**WHAT IS EXPECTED:** Using the listing below, set down each line from the line containing "Мінівен Renault Grand Scenic 2012 в Полтаві фото" through the line containing "1013 - Pair", both ends included, exactly and with nothing added.

**DATA SECTION:**
▼▼▼

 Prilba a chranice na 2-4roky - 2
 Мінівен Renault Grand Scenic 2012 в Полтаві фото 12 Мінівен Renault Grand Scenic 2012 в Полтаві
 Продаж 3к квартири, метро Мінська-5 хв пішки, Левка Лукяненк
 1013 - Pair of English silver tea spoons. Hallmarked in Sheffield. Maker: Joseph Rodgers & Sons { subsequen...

▲▲▲
▼▼▼

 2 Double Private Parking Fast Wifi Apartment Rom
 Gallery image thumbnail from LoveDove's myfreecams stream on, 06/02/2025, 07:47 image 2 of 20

▲▲▲

**ANSWER TO THE PROBLEM:**
 Мінівен Renault Grand Scenic 2012 в Полтаві фото 12 Мінівен Renault Grand Scenic 2012 в Полтаві
 Продаж 3к квартири, метро Мінська-5 хв пішки, Левка Лукяненк
 1013 - Pair of English silver tea spoons. Hallmarked in Sheffield. Maker: Joseph Rodgers & Sons { subsequen...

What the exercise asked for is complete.